Foreign tourists eager to pay their respects to the late dictator of North Korea can finally satisfy their urges with the first tour to the closed country for more than five years, which coincides with the deceased despot’s birthday.
For the first time since it shut its borders in the pandemic in January 2020, foreign tour companies have been given permission to take international tourists to the city of Rason, in the far northeast of North Korea, close to its borders with Russia and China.
Even by North Korean standards, Rason is not a charismatic city — among the attractions to which visitors will be taken are a “combined foodstuff processing factory producing various snacks and drinks” and a “sea cucumber breeding farm”.
In compensation the tours will coincide with February 16, the Day of the Shining Star, as it is known in North Korea — the birthday of Kim Jong-il, late father to the current supreme leader, Kim Jong-un. The day is sometimes celebrated with parades and other commemorative solemnities.
Koryo Tours, a Beijing-based tour company, is advertising the four-night Kim Jong-il birthday tour for €705, with two additional nights in China, through which most travellers to North Korea transit. A rival travel company, Young Pioneer Tours, is offering a similar, shorter itinerary for €645.

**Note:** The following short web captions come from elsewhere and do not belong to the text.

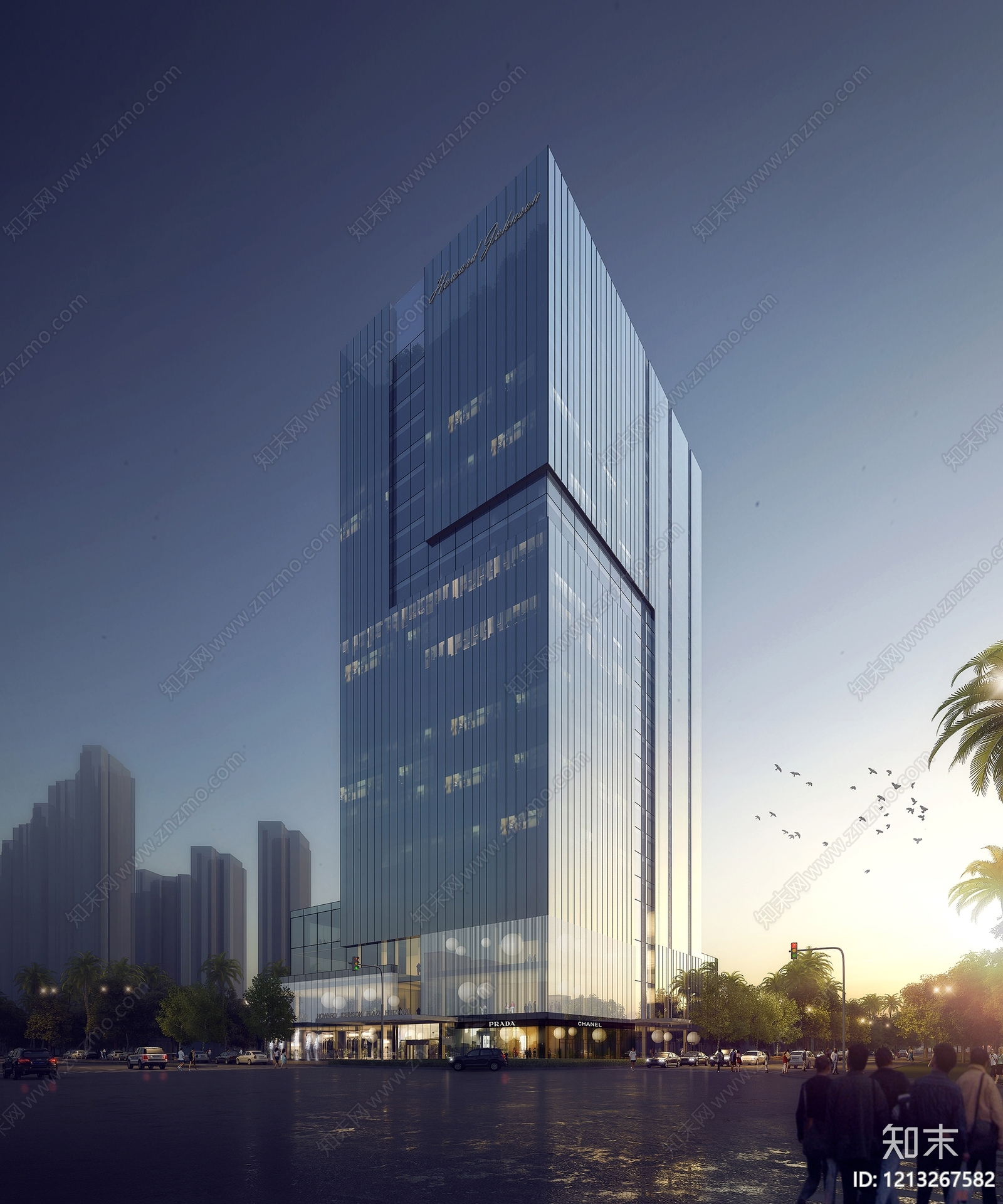 现代主义写字楼3D模型下载【ID:1213267582】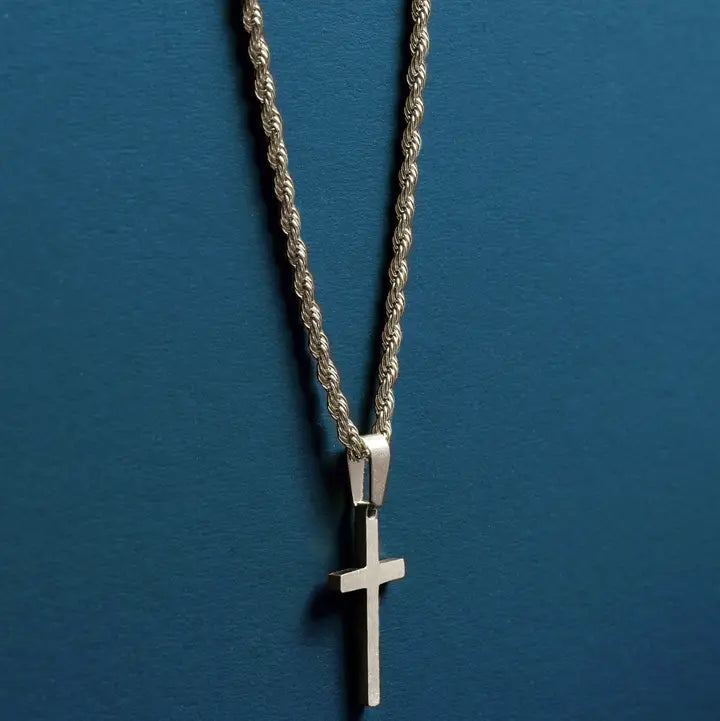 Waterproof Silver Cross Necklace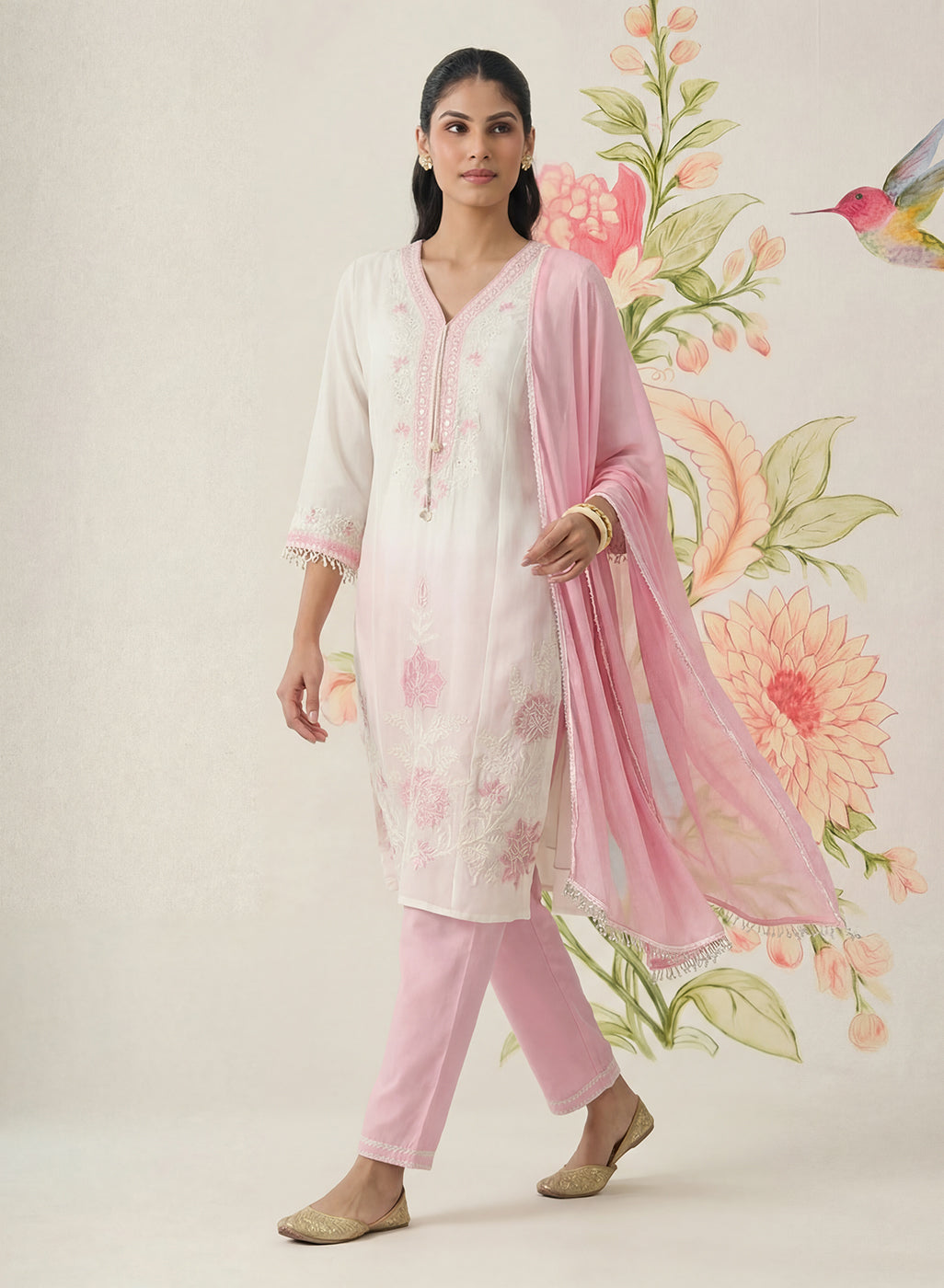 Mysaara Pink Embroidered Georgette Suit Set with Dupatta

“We will visit various factories, see a Taekwondo demonstration at the Rason Taekwondo School, and make a stop at the Golden Triangle Bank to learn about Rason’s unique economic system,” Koryo Tours said on its website. “Here, you can even open your very own North Korean bank account.”
Banking in one of the most heavily sanctioned countries in the world may be of limited use. Koryo Tours carefully notes that the tour is not yet confirmed and depends on permission to cross by land from the Chinese authorities.
North Korea used to have a small, but constant, population of diplomats, aid workers and United Nations employees, as well as about 5,000 tourists a year. Apart from strong supporters of the regime, such as China, Russia, Mongolia and Cuba, few diplomats have been allowed to return. Britain’s ambassador to Pyongyang, David Ellis, has not been allowed to take up residence at his embassy since his appointment in 2021.
Foreign visitors to Pyongyang have to be on their best behaviour. In 2016, an American student, Otto Warmbier, was sentenced to 15 years’ hard labour for stealing a North Korea propaganda banner. He died 15 months later after being returned to the US in a coma and with brain damage.
The North Korean authorities said that his ill health was the result of treatment for the bacterial disease botulism. His family, and the then president, Donald Trump, claimed that he had been tortured. There was speculation that his brain damage was caused by a failed suicide attempt.